A new report by the Center for American Progress proposes that the next President issue an Executive Order requiring climate change to be included as a consideration under the National Environmental Policy Act (NEPA).  “Government responsibilities are jeopardized by the lack of information about the consequences of federal actions for the emission of greenhouse gases and adaptation to changing climatic conditions,” the report says. Existing federal and state environmental laws and regulations—especially NEPA, the Clean Air Act, and the Endangered Species Act— provide the requisite legal authority to begin to mitigate and adapt to climate change. “It is not necessary to wait for new legislation to take action.”

The Center for American Progress, in its report, Full Disclosure: An Executive Order to Require Consideration of Global Warming Under the National Environmental Policy Act, says (p.2):

Unfortunately, executive branch agencies have largely failed to recognize and act to address the implications of climate change for their areas of responsibility….

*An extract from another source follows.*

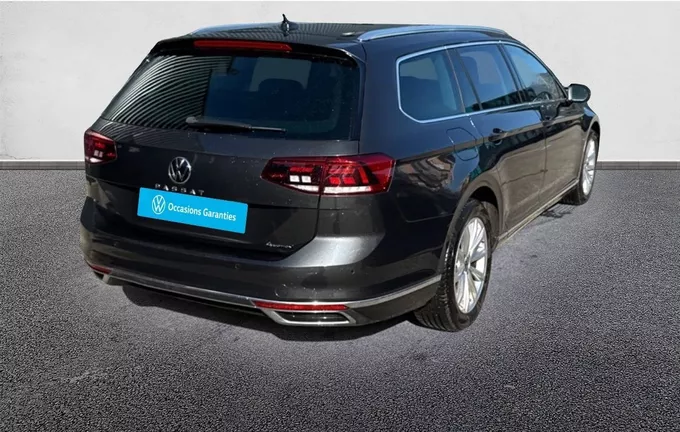 VOLKSWAGEN PASSAT SW 2.0 TDI EVO SCR 200 DSG7 4Motion Lounge extérieur avant 2126260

Indeed, the U.S. government currently lacks a systematic process for evaluating the consequences of federal actions for greenhouse gas emissions or vulnerability to changing climatic conditions. This situation contributes directly to a critical gap in information needed to make decisions about the costs and consequences of federal actions for global warming.

Over the past decade, the lack of such assessments might once have been accepted as a product of scientific uncertainty or, perhaps, personal or political ideology. Today, however, the failure to consider these issues approaches negligence in the stewardship of public resources. This paper examines how another foundational environmental law, the National Environmental Policy Act, should be applied to fill this critical information gap by requiring the consideration of global warming in environmental assessments of federal actions.

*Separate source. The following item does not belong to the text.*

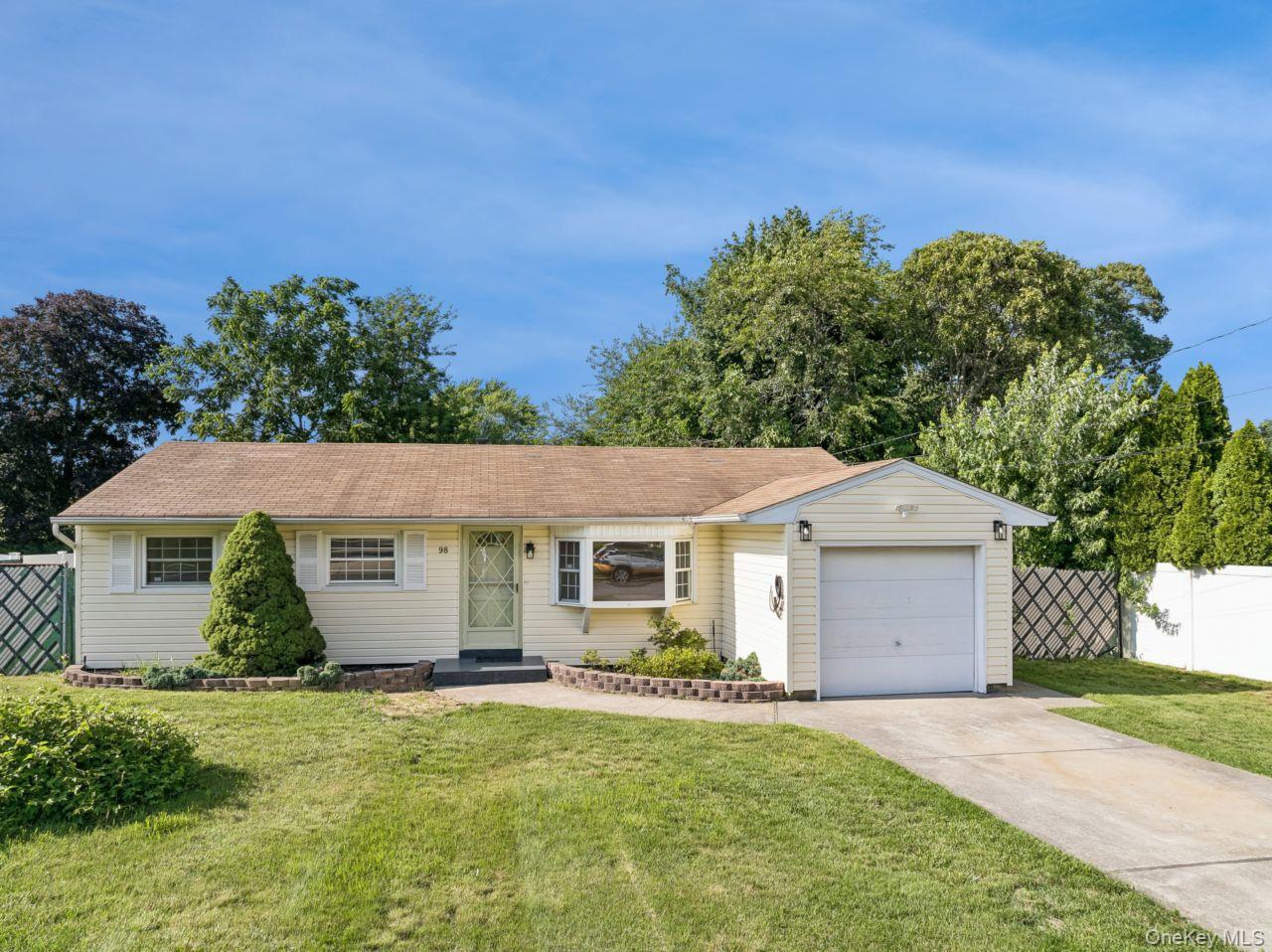 98 Rose Place – For Sale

NEPA is designed to provide full disclosure of the environmental effects of federal actions to the government and to the public. The law is intended to ensure that decision-makers are armed with a complete understanding of the environmental impacts associated with such decisions. Failure to systematically consider global warming under NEPA undermines this goal. That’s why the federal government must clarify NEPA’s authority to ensure that global warming is systematically considered during environmental assessments of federal actions, rather than relying upon a series of litigation challenges to force attention to this issue, as is currently the case. The government should not waste its limited resources defending the notion that information about climate change is not relevant to decision-makers or the public.” [emphasis added]

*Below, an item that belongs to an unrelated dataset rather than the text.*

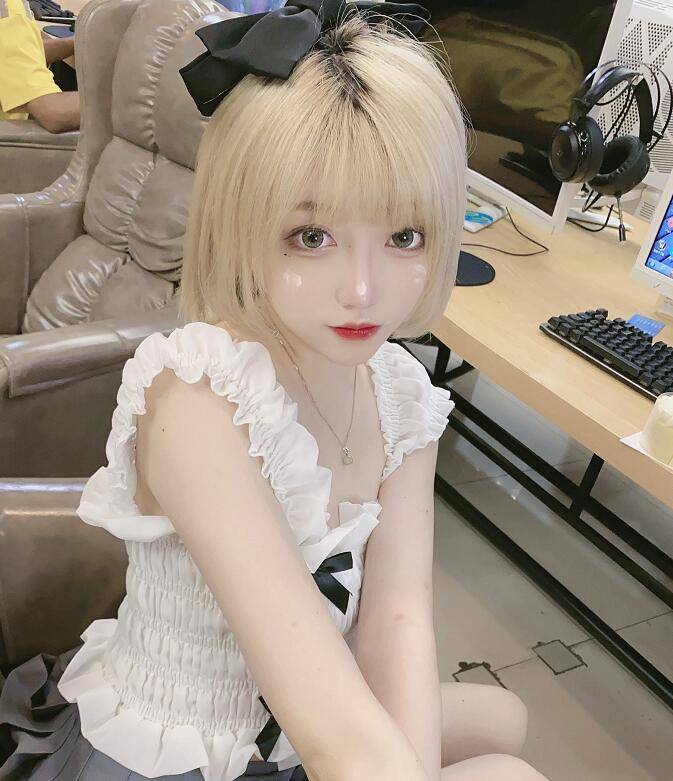 咬米陷入滤镜风波,拍摄最新作品,结果背后的空间都扭曲了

The Bush Administration has been doing precisely this—wasting limited time and taxpayer dollars avoiding the truth and averting public attention from the realities of climate change—and to this day continues to interfere with the communication of information crucial to adequate planning and preparedness for climate change impacts. The recent “stealth release” of a Climate Change Science Program report identifying a set of serious likely impacts of climate change on the transportation infrastructure in the Gulf coast region is just one more case in point.  (See our post on this here.) 

Remedying the “critical gap in information” is a key component of Climate Science Watch’s National Climate Change Preparedness Initiative.